DATA EXTRACTS →
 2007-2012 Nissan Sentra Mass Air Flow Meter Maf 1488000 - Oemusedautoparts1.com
--
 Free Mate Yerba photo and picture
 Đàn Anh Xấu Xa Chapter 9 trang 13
==
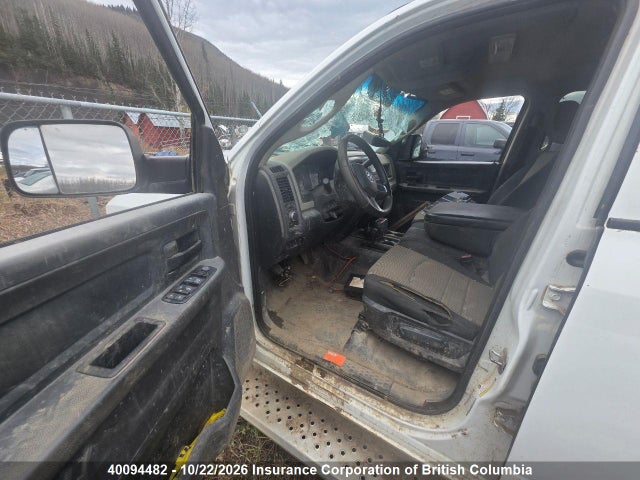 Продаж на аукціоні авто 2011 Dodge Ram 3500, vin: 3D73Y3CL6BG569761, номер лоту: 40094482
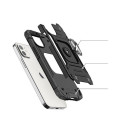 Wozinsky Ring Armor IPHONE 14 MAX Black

TASK INSTRUCTIONS →
Using the listing above, reproduce word for word every line from the one containing "Продаж на аукціоні" through the one containing "Wozinsky Ring Armor IPHONE 14 MAX Black". Pictures must be left out.

RESULT BELOW →
 Продаж на аукціоні авто 2011 Dodge Ram 3500, vin: 3D73Y3CL6BG569761, номер лоту: 40094482
 Wozinsky Ring Armor IPHONE 14 MAX Black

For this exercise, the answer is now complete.